Parliamentary elections represent the highest expression of democracy for any representative system. As such their completion demands the analysis and evaluation of the results as well as some form of self-criticism aimed to point out any possible mistakes and oversights made by the parties involved.
As far as EDEK’s electoral performance is concerned, to give an honest evaluation, results must be compared with the pre-electoral goals set by the party.
Specifically, the goals that EDEK had set were:
- Increasing the party’s percentage share of the votes beyond 7.2 per cent;
- increasing the number of the party’s members of parliament;
- retaining the party’s position as the fourth parliamentary force.
It is a fact that not all the above-mentioned goals have been achieved. However, some of them have, and they are not insignificant. EDEK has managed to increase its percentages by 0,5 per cent (2,293 votes more) than it did in 2016. It also managed to win an extra seat in the region of Larnaca, something which had not happened since 1970.

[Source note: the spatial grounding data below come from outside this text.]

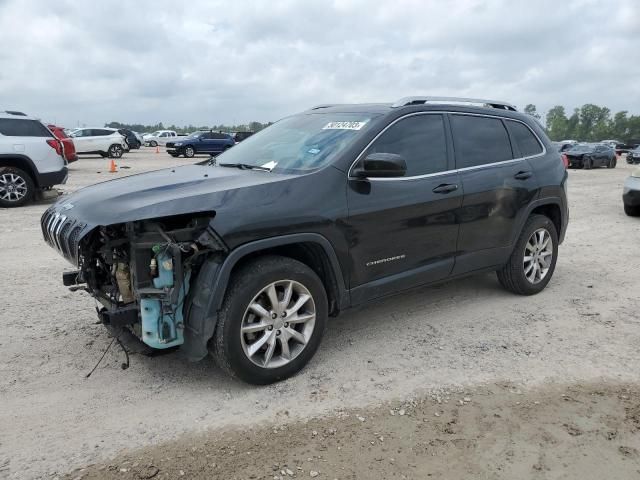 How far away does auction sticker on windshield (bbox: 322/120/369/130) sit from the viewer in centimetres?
406

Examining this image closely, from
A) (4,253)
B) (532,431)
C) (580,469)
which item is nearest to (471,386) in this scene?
(532,431)

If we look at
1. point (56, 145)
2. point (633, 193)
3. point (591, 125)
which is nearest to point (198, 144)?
point (56, 145)

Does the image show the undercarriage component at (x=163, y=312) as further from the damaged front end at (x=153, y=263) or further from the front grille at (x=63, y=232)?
the front grille at (x=63, y=232)

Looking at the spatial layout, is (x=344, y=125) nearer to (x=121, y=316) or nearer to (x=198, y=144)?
(x=121, y=316)

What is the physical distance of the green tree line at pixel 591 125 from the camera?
120 m

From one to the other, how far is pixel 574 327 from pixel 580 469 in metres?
2.12

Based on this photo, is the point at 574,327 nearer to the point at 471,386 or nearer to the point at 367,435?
the point at 471,386

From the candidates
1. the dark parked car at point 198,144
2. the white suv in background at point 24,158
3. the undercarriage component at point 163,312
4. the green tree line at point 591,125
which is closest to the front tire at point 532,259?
the undercarriage component at point 163,312

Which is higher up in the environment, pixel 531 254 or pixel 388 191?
pixel 388 191

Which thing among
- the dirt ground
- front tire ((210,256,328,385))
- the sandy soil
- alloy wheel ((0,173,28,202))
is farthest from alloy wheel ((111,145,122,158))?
the sandy soil

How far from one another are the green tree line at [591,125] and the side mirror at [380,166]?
12642cm

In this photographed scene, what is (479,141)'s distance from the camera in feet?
15.6

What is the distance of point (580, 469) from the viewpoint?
107 inches

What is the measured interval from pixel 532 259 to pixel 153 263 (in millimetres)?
3810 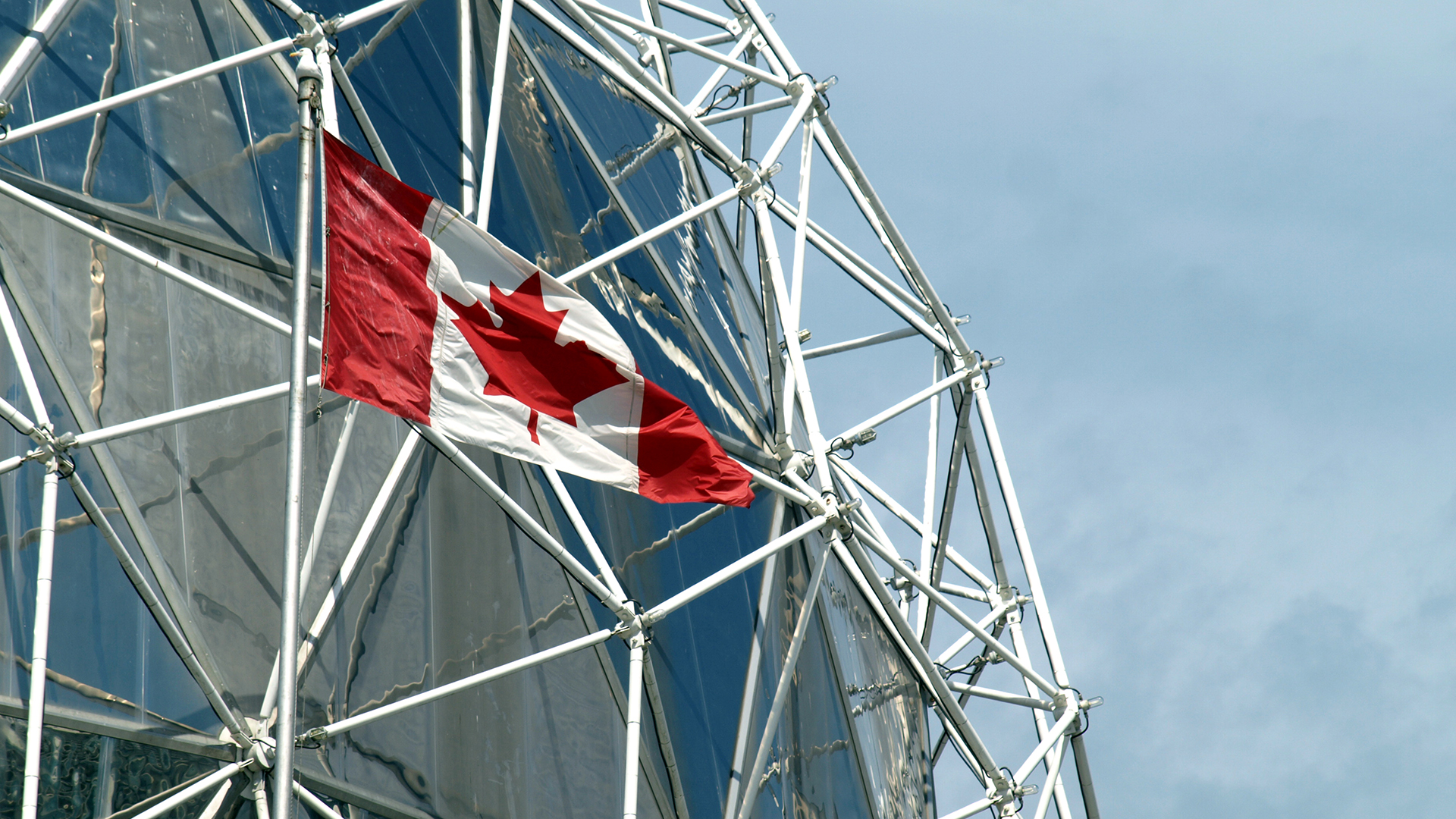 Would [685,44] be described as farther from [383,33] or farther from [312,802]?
[312,802]

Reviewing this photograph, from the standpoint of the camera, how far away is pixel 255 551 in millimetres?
13383

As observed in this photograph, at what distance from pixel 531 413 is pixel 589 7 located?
871cm

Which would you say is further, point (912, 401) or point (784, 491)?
point (912, 401)

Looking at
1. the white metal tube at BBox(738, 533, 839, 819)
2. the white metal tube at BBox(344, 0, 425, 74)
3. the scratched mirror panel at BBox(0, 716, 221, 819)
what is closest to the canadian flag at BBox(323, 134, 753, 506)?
the white metal tube at BBox(738, 533, 839, 819)

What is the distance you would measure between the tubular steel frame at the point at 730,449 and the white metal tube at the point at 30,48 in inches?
1.5

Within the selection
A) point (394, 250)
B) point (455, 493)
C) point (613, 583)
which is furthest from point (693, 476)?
point (394, 250)

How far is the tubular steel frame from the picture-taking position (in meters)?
11.9

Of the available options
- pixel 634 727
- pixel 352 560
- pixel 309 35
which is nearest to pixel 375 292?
pixel 352 560

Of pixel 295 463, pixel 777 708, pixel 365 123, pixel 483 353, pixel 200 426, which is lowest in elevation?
pixel 295 463

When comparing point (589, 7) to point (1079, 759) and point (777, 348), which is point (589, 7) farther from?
point (1079, 759)

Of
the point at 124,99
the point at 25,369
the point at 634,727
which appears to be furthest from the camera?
the point at 634,727

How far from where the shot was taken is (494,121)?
56.2 ft

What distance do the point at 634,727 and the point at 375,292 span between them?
13.9 ft

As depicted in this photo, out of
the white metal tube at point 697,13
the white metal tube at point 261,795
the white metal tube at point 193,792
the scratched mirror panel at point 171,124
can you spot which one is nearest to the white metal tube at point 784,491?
the scratched mirror panel at point 171,124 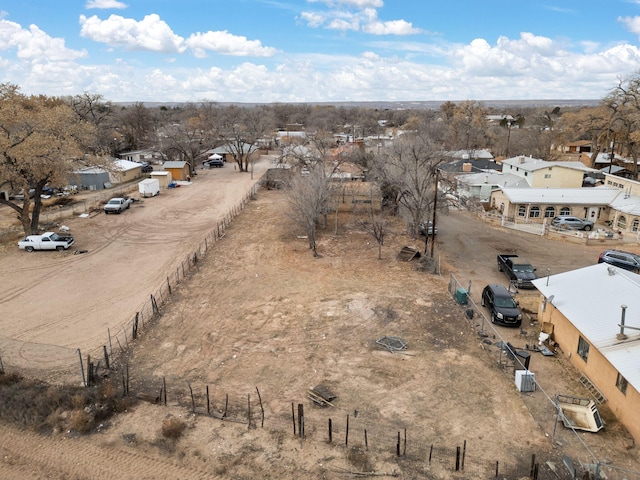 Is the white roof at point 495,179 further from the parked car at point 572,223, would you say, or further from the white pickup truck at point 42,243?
the white pickup truck at point 42,243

However, what demands further analysis, criticism, and explanation, is the fact that the far-right branch of the Golden Dawn in Cyprus, ELAM, increased its share of votes and got a fourth seat in the House of Parliament (a seat that was previously held by EDEK). The fact that ELAM managed to increase its percentages of votes by 3 points and gain a total of 6.78 per cent of the vote cast, can be attributed to a series of reasons that should seriously alarm all the Cypriot political parties, especially those genuinely belonging to the arc of democracy. We argue that ELAM managed to increase its percentage of votes because the other parties, instead of fighting against this far-right force, preferred to sap EDEK.
The undermining of EDEK started right after the European Parliament elections and was triggered by the high percentage of votes it received (almost 11 per cent). The party became a target because of its political stance towards the ‘Cyprus issue’. It is well known that EDEK is against the ‘Bizonal, Bicommunal Federation solution’. Based on archived sources, constitutional reports, as well as current political data, EDEK considers it as a form of legalisation of division. This position stands as an obstacle for those who, directly or indirectly, promote Turkey’s divisive plans for the island.

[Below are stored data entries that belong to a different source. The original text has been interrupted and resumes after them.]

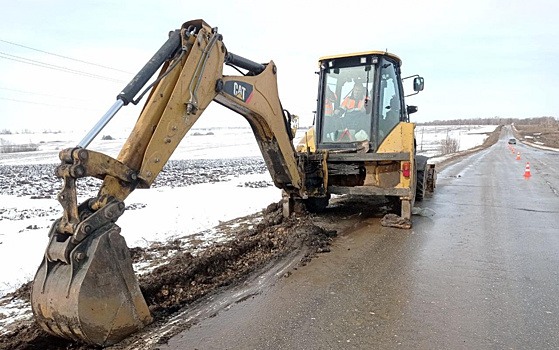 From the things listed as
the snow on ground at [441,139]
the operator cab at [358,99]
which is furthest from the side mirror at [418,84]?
the snow on ground at [441,139]

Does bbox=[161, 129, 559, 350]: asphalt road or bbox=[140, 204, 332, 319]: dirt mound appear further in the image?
bbox=[140, 204, 332, 319]: dirt mound

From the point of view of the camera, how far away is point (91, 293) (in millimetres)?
2830

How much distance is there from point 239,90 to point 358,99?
3.55 meters

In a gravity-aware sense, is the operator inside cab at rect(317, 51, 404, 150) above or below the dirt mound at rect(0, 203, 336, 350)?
above

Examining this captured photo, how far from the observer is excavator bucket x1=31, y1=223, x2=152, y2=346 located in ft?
9.16

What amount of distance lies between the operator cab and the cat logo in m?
3.16

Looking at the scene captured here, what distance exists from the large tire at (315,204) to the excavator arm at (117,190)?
11.3 feet

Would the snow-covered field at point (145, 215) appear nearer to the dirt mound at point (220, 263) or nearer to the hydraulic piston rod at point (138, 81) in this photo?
the dirt mound at point (220, 263)

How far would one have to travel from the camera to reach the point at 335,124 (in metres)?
7.70

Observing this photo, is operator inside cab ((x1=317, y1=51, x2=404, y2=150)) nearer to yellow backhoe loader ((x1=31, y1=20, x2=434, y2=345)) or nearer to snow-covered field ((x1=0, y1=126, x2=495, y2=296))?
yellow backhoe loader ((x1=31, y1=20, x2=434, y2=345))

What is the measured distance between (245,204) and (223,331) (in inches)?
257

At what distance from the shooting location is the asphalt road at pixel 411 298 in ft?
10.2

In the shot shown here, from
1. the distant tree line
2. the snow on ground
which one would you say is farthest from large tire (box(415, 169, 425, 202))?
the distant tree line

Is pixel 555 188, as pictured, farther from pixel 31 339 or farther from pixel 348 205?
pixel 31 339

Moreover, EDEK is actively committed to the fight against corruption through the introduction of legal reforms and the exposure of scandals based on tangible evidence. This attitude has fed further criticism by those political forces that do not wish the end of corruption.
Finally, EDEK has voted for the national budget because 14 of the proposals the party submitted to the government were adopted. Through this political achievement EDEK has clearly stated that its primary concern is the improvement of the Cypriot citizens’ quality of life. This stance fed the concern among the other political forces, which feared an increase of consensus for EDEK.

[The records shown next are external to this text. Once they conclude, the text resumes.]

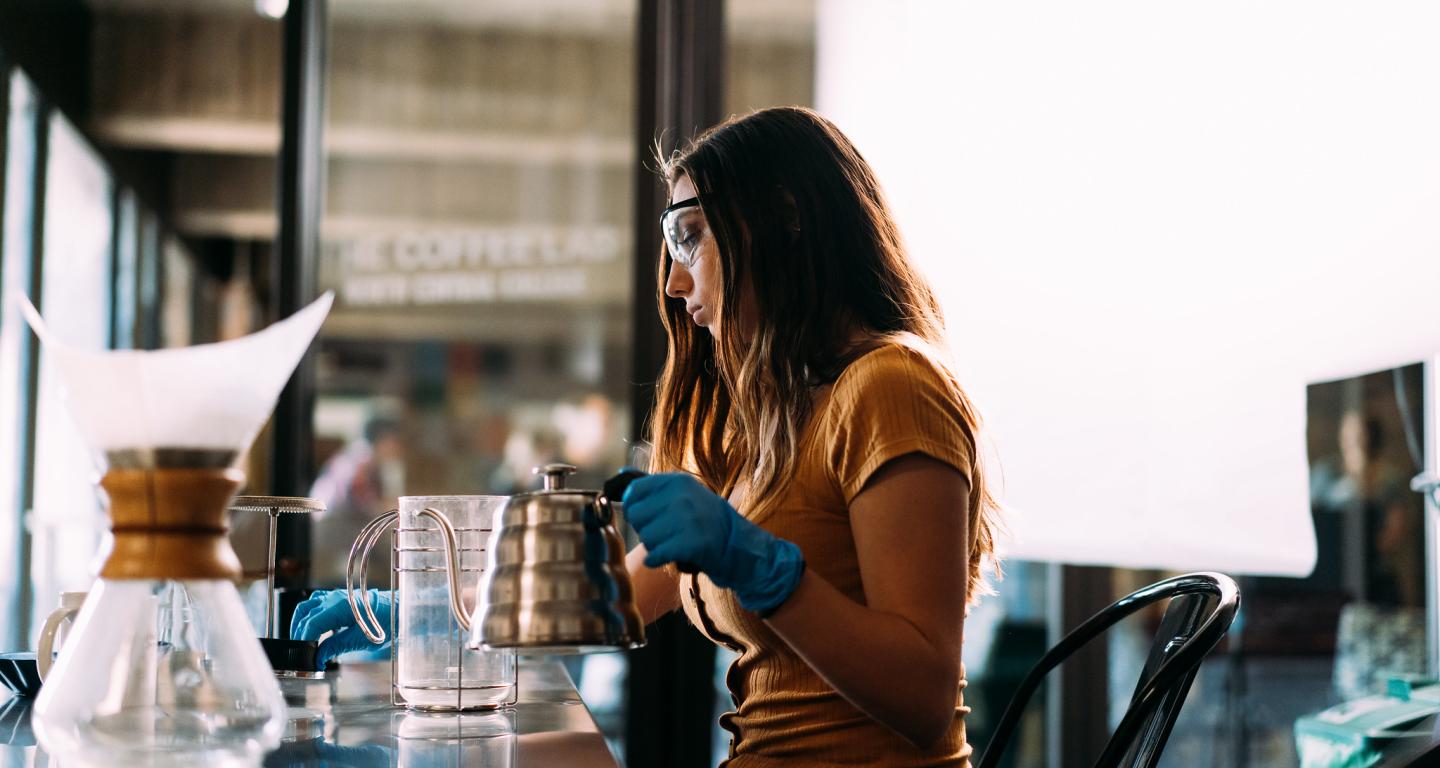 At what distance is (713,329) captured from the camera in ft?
5.09

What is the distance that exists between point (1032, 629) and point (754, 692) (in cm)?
164

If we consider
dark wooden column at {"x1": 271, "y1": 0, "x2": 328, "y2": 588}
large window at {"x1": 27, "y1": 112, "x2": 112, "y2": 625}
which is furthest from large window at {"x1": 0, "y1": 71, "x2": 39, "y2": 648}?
dark wooden column at {"x1": 271, "y1": 0, "x2": 328, "y2": 588}

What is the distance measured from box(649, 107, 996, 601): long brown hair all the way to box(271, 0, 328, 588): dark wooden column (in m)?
2.10

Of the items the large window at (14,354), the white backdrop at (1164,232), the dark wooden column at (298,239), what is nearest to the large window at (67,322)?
the large window at (14,354)

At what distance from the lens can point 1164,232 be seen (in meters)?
2.30

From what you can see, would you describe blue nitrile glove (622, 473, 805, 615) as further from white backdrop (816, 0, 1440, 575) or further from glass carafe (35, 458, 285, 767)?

However, it must be noted that the divisions within the party have also contributed to EDEK’s results and ELAM’s gains. In fact, some members of EDEK have tried to discredit the party president, Marinos Sizopoulos, but doing so they have actually harmed the party as a whole and what Vassos Lyssarides – who founded EDEK in 1969 and was repeatedly elected president of the party until 2002 – has built in the years, such as his fight against, racism and in favour of democracy, freedom and equality.
Paradoxically, the above-mentioned issues fed ruthless attacks against EDEK by the other political forces, which seemed to be more concerned with EDEK’s increasing consensus than with the alarming rise of ELAM. This attitude has eventually played in the hands of ELAM, which now can flourish even further despite being the Cypriot branch of a criminal organisation. We must not forget that ELAM does not honour the victims of the Coup of 1974, those who caused the Turkish invasion to our land. Last but not least, it has reinforced those who shy away from military service in the Cypriot National Guard (which is mandatory for all male citizens), those who shy away from political debates, and those who are connected with frequently featured criminals on the columns of newspapers.
Our only hope is to not have to mourn another victim like Pavlos Fyssas (the Greek musician and rapper, well known for his anti-fascist activism, who was murdered on 18 September 2013 by a member of Golden Dawn) in order to realise what the real face of ELAM’s leadership is, the danger that far-right parties represent in Cyprus and in Europe.